Zasadniczo,   szkolenia   specjalistyczne   wydają   się   niezbędne.   O   ile   oczywiście   chcemy   mieć specjalistów w swojej dziedzinie. Jak wybrać grupę docelową dla szkoleń specjalistycznych? No, to akurat  wydaje  się  dość  proste.  Najczęściej  przecież  znamy  zakres  obowiązków  i  wymagania  dla danego  stanowiska. Wiemy więc jakiej wiedzy stanowisko wymaga. A co jeśli pracownik wskazuje nam niestandardowe szkolenie, motywując to chęcią poszerzenia horyzontów? Cóż, czemu nie, warto się zawsze  przyglądać takim propozycjom, ale dobrze też by było ubezpieczyć się od konsekwencji fundowania cennego prezentu przyszłemu pracodawcy. ☺

A   co   ze   szkoleniami   z   tzw.   miękkich   umiejętności?   Inaczej   mówiąc   –   z   umiejętności interpersonalnych? Z komunikacji, przywództwa, współpracy w zespole – z charyzmy, umiejętności wywierania wpływu czy asertywności? Tego typu szkoleń rynek oferuje tysiące – a co obiecuje w zamian?  Ano w sumie to nic namacalnego. Nic co można by zmierzyć, zważyć czy pokazać przy pomocy  wskaźników.  Nieco  śmieszne  jest  dość  rozpaczliwe  wskazywanie  na  skuteczność  takich szkoleń poprzez ich ewaluację. W teorii – im lepiej ocenimy szkolenie tym lepszy ono osiągnie efekt. Śmiem twierdzić, że  szkolenie może być ocenione na „wyjątkowo super hiper mega interesujące i okrutnie potrzebne”, a przy  tym  na drugi dzień z tego jakże wspaniale ocenionego przedsięwzięcia może zostać nam tylko ból głowy…

A w ramach niesprawdzonej ciekawostki dopowiem tylko, że kiedyś od kogoś na swoich warsztatach usłyszałem o pewnych badaniach, z których wniosek był dość zabawny. A mianowicie – ocena szkolenia w głównej mierze zależy od… jakości cateringu. Tak, tak, od zupy, drugiego dania i kompotu ze śliwkami. Choć chyba najwięcej od deseru? Jest to oczywiście tylko anegdotka, choć musze powiedzieć, że jest w tym ziarno prawdy. A może nawet więcej niż ziarno?
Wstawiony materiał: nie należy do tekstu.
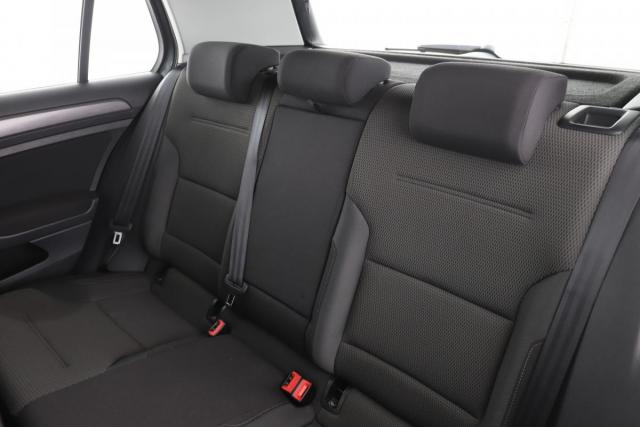 Volkswagen Golf image 3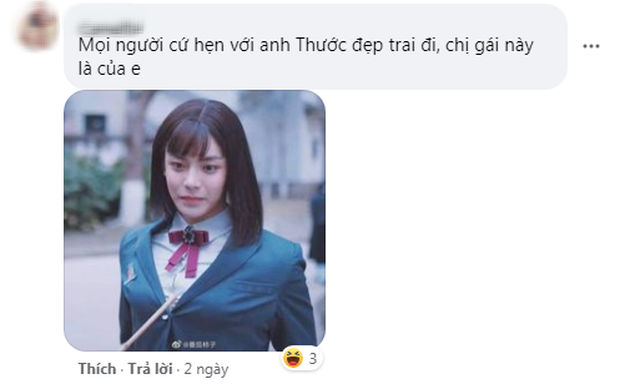 Hầu Minh Hạo giả làm nữ sinh, độn vòng 1 ngồn ngộn đến bung cúc áo ở Thợ Săn Tâm Trạch - Ảnh 6.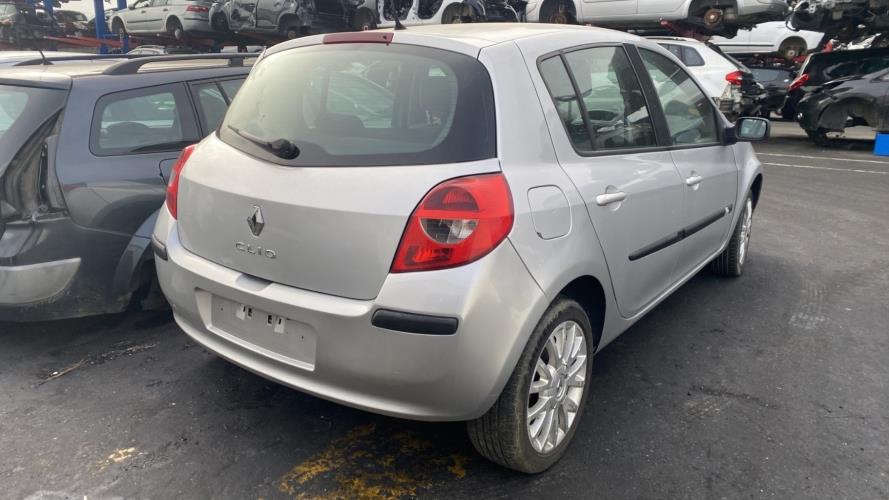Image Trappe d'essence - RENAULT CLIO 3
Wszak wiadomo – Polak głodny to Polak zły, a do mężczyzn najlepiej można trafić przez żołądek, więc Panów na fatalnych szkoleniach ze wspaniałym cateringiem moglibyśmy bardzo łatwo obłaskawić. ☺ Komu  potrzebne  są  szkolenia  z  umiejętności  miękkich?  Cóż,  właściwie  właśnie  tutaj  wkraczamy mocnym  krokiem w  obszar  analizy  potrzeb  szkoleniowych.  Bo  tak  naprawdę,  analiza  ta  dotyczy potrzeb głównie ze sfery miękkiej.

W  największym  skrócie  mówiąc,  techniki  zdobywania  informacji  o  naszych  pracownikach  i  ich apetytach  czy potrzebach szkoleniowych, możemy w zasadzie podzielić na dwa rodzaje – techniki deklaratywne oraz techniki obserwacyjne.
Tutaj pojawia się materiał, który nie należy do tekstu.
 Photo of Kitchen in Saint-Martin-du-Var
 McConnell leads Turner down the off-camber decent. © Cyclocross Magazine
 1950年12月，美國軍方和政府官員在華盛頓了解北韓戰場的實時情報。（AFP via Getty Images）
Techniki  deklaratywne,  będą  dotyczyły  tych  wszystkich  narzędzi  i  metod,  w  których  informacje zbieramy od osoby, która w przyszłości ma być szkolona. Inaczej mówiąc – przychodzimy do naszego przyszłego szkolonego i:

a.   Pytamy się go uprzejmie – jakie szkolenia go interesują i dlaczego często odpowiada, że w sumie  to  jest  dobry  w  wielu  dziedzinach  i  nie  musi  się  aż  tak  bardzo  szkolić  (wywiad indywidualny).

b.   Zabieramy  ze  sobą  jeszcze  kilku  kolegów  naszego  przyszłego  szkolonego  (koleżanki  też oczywiście wchodzą w grę, ale autorowi niniejszego artykułu, z racji jego własnej płci, jest jakoś  naturalnie bliżej do tzw. kumpli z pracy) i rozmawiamy wszyscy, o tym, co się im w pracy podoba, co się im nie podoba, z czym mają kłopoty i – zakładając że to koledzy ze działu sprzedaży - dlaczego  za  wszystko odpowiedzialny jest ten „wredny marketing”? (wywiad grupowy).
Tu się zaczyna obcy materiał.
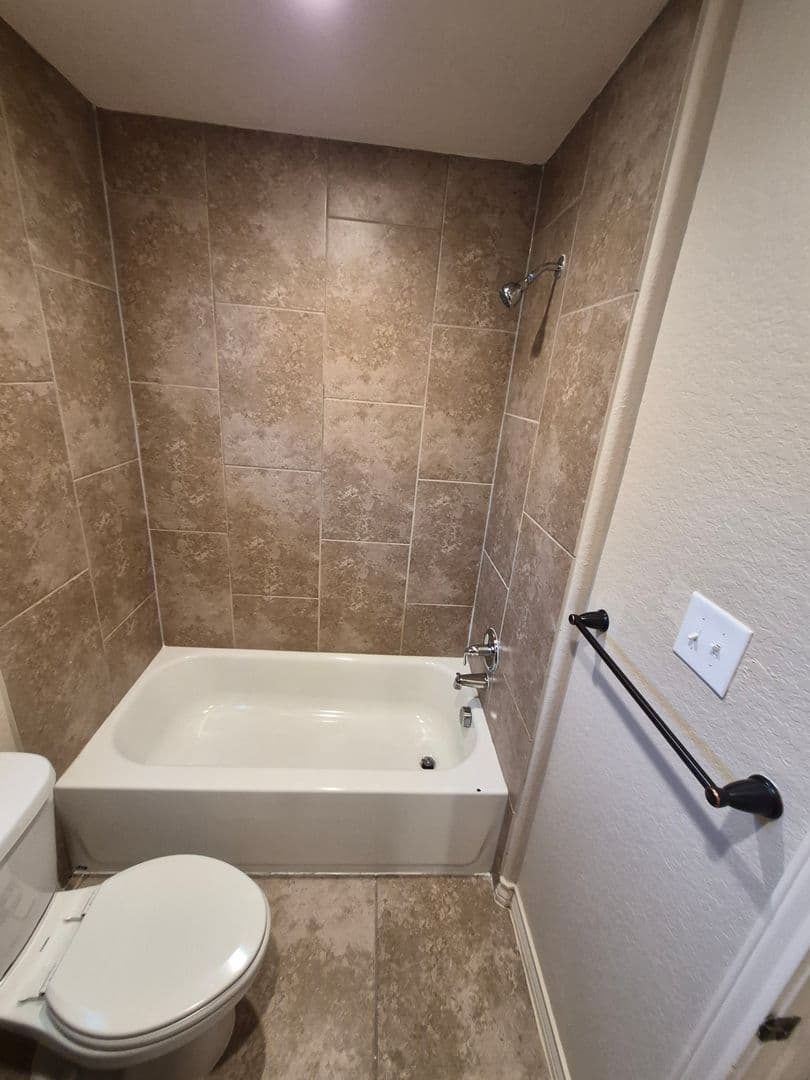 SAN ANTONIO House: 6306 LUGLIO LANE #201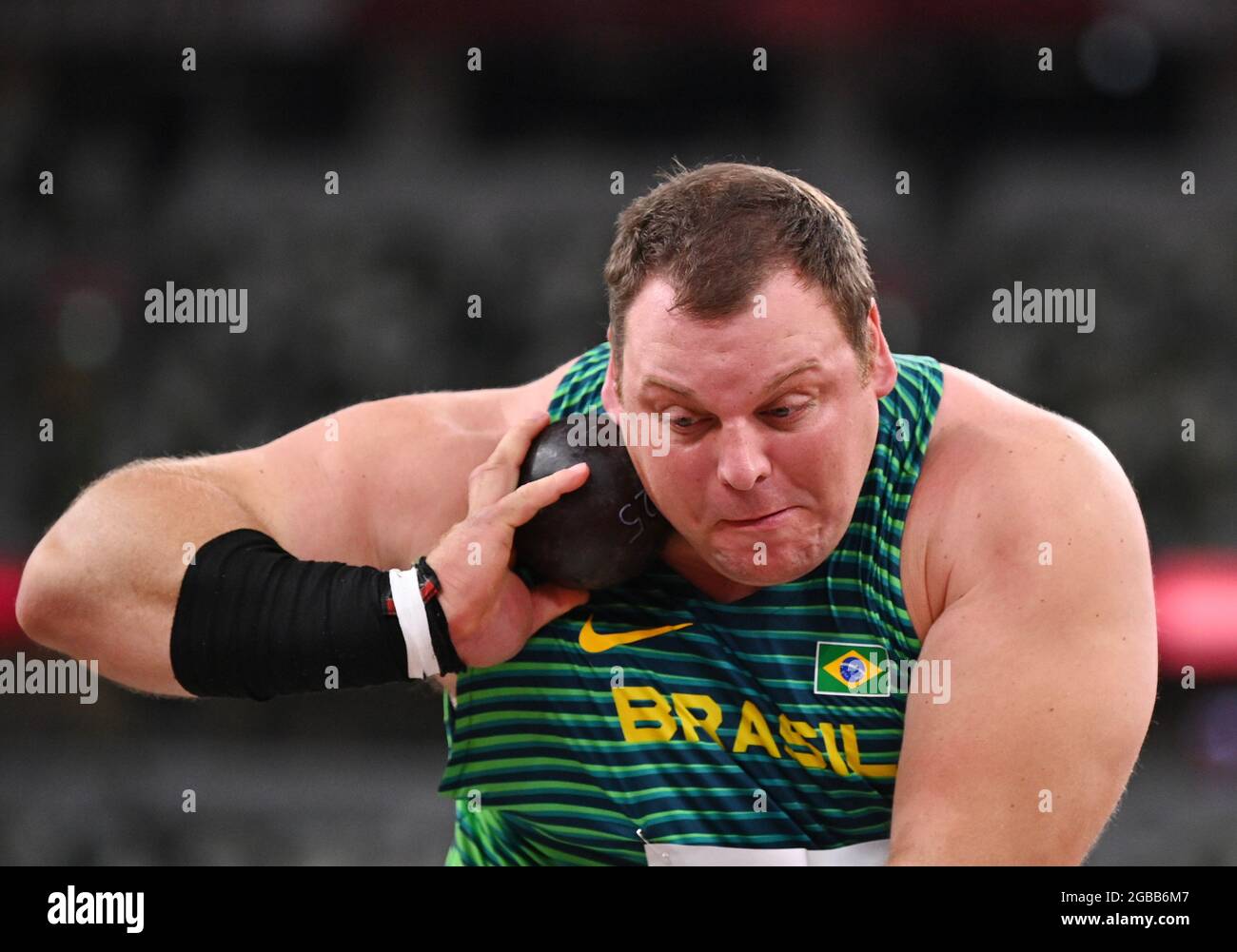 Darlan romani shot put hires stock photography and images Alamy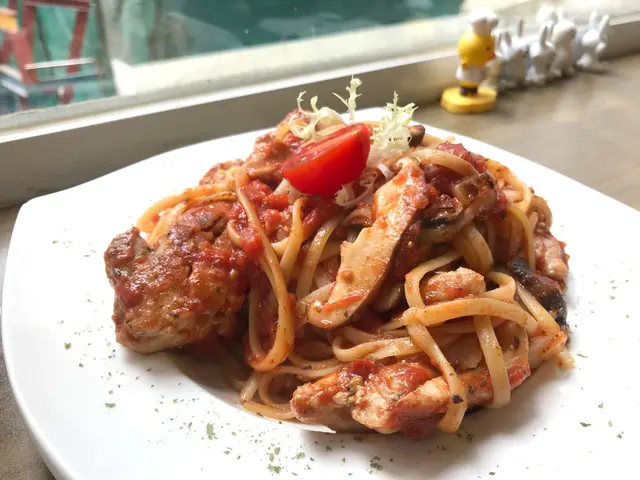 蕃茄烤雞雜菌扁意粉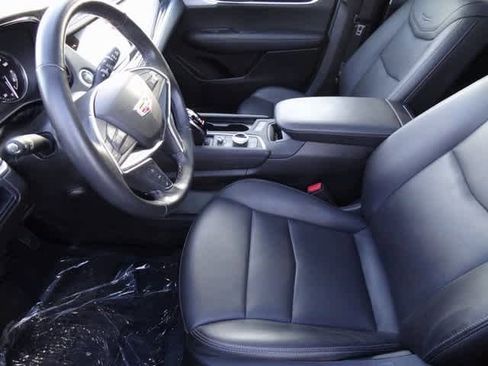 Used 2023 Cadillac XT5 Premium Luxury image 6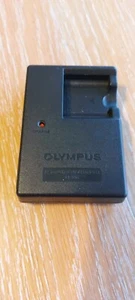 Olympus LI-40C Li-Ion Akku Ladegerät schwarz 4,2-V 2-W 200mA für Digitalkameras - Bild 1 von 2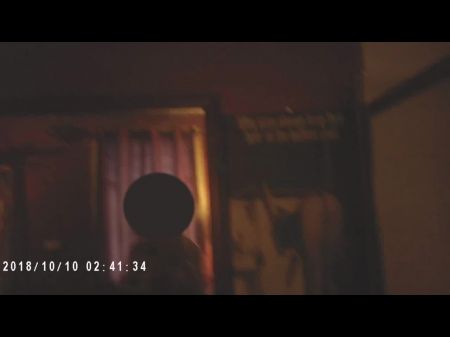 Ziemlich gefressene Brüste schlank sexy Milf. liebt es, gebeugt zu sein. 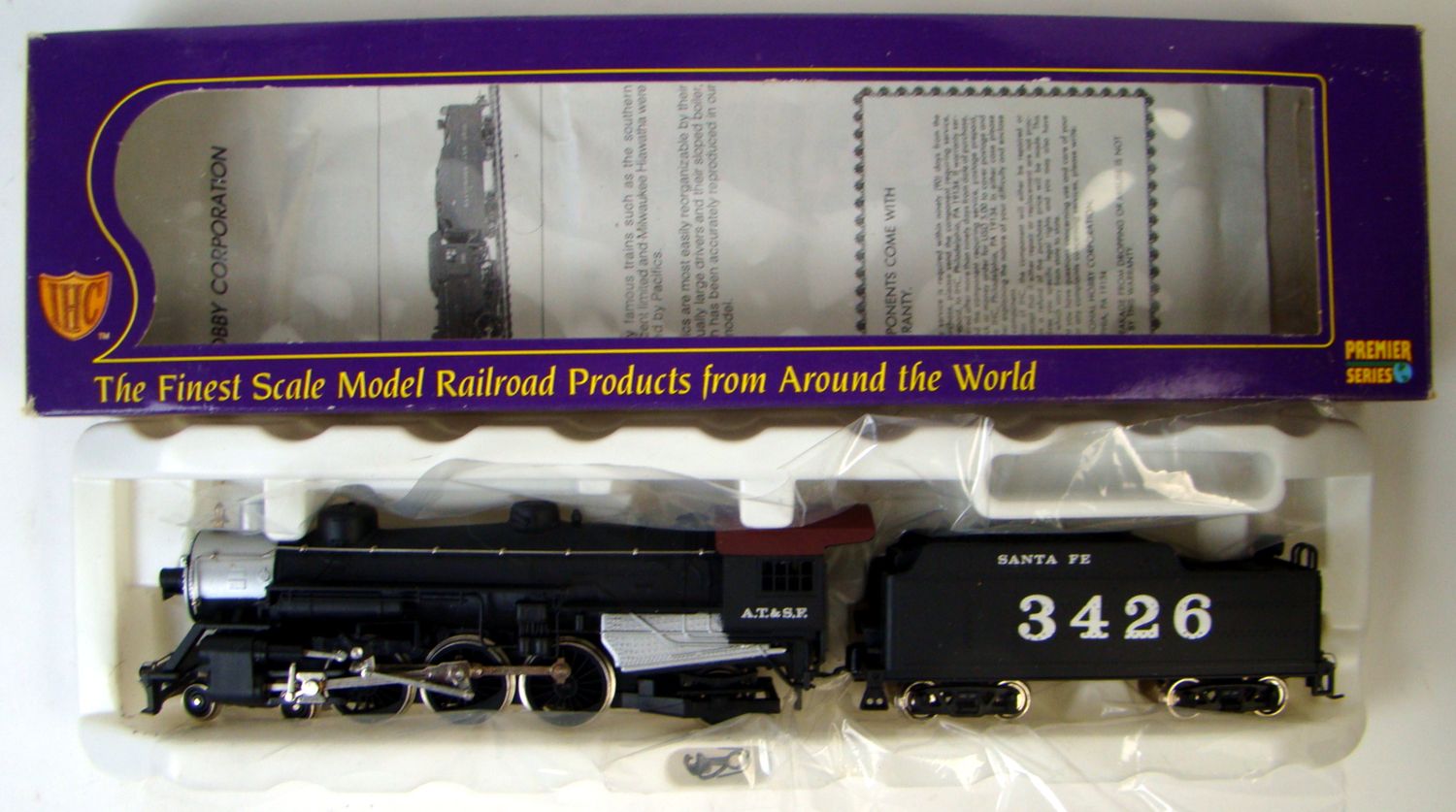 IHCM9901 AT&amp;SF Class 3400 4-6-2 Heavy Pacific Locomotive #3426 HO Scale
c.   Dajemy mu do ręki psychozabawę w rodzaju – „jak zachowałbyś się, gdyby nagle tuż przed spotkaniem biznesowym, na  którym masz wygłosić prezentację,  Twój  projektor odmówił posłuszeństwa, laptop by się zawiesił, a kopia prezentacji na pendriv’ie okazała się wykonana w innej  wersji pakietu biurowego niż jest użytkowany w biurze klienta. Spośród podanych odpowiedzi wybierz twoim zdaniem odpowiedź najlepszą i najgorszą” (test kompetencyjny).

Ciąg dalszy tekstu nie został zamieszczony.